Baylor executives worry about having the capacity to meet anticipated demand, if the number of people with insurance increases as expected because of health reform. So the health system is reengineering its approach to caring for patients with chronic conditions.
For example, Baylor invested $15 million to open the Diabetes Health and Wellness Institute to serve patients in an area of South Dallas that has historically had a diabetes-related death rate more than double that of the Dallas metropolitan area. The program uses education, individualized self-management plans, and increased access to physicians and other caregivers to improve patients' health status and head off serious complications.

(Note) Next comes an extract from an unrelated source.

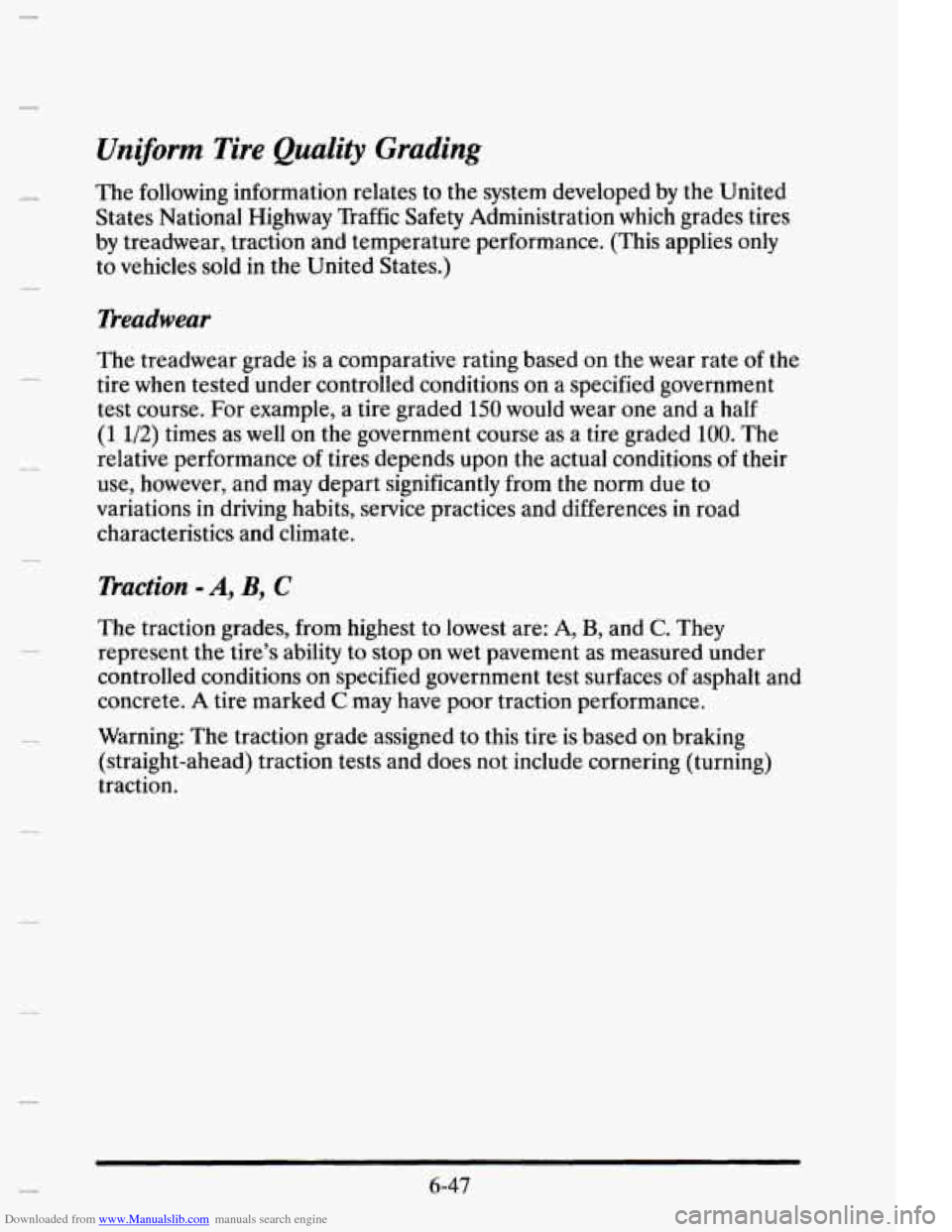 CADILLAC ELDORADO 1995 10.G Owners Manual Downloaded from www.Manualslib.com manuals search engine Uniform Tire Quality Grading 
The following  information  relates to the system  developed  by the  United 
States  National  Highway  Traffic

In another reengineering effort, physicians in patient-centered medical homes are being taught to manage midlevel practitioners, care coordinators, and regional pharmacy managers. In the medical home model, primary care physicians are expected to expand their patient panels by effectively managing a team. "We have some physicians who get this right off and others who are learning it more slowly," he says. "This is the kind of change that will take some time."
Another challenge: paying physicians in a new way. Although Baylor has paid bonuses based on quality and patient experience measures for some time, the fee-for-service system is still in place. "We still have to move toward a model where primary care physicians are paid by the number of patients attributed to them and specialists are paid by episode of care or some other means," says Allison.
The keys to success in the accountable care era, he says, are well-known: Making the delivery of evidence-based "best care" the standard, using EHR technology to improve care delivery, coordinating care across the continuum, and focusing on value rather than volume.
"It takes a lot of what I call emotional capital," he says. "Never underestimate the need to have good, clear, candid, open communication with your partners, particularly your physicians."
Even though, compared to many organizations, Baylor is barreling into the pay-for-value world, Allison says the pace of change must be measured.
"This takes patience," he says. "It is going to take time to understand what we're hoping to achieve, and to get everyone working in the same direction. As long as we keep our focus directed toward improving care for patients, then we'll be OK."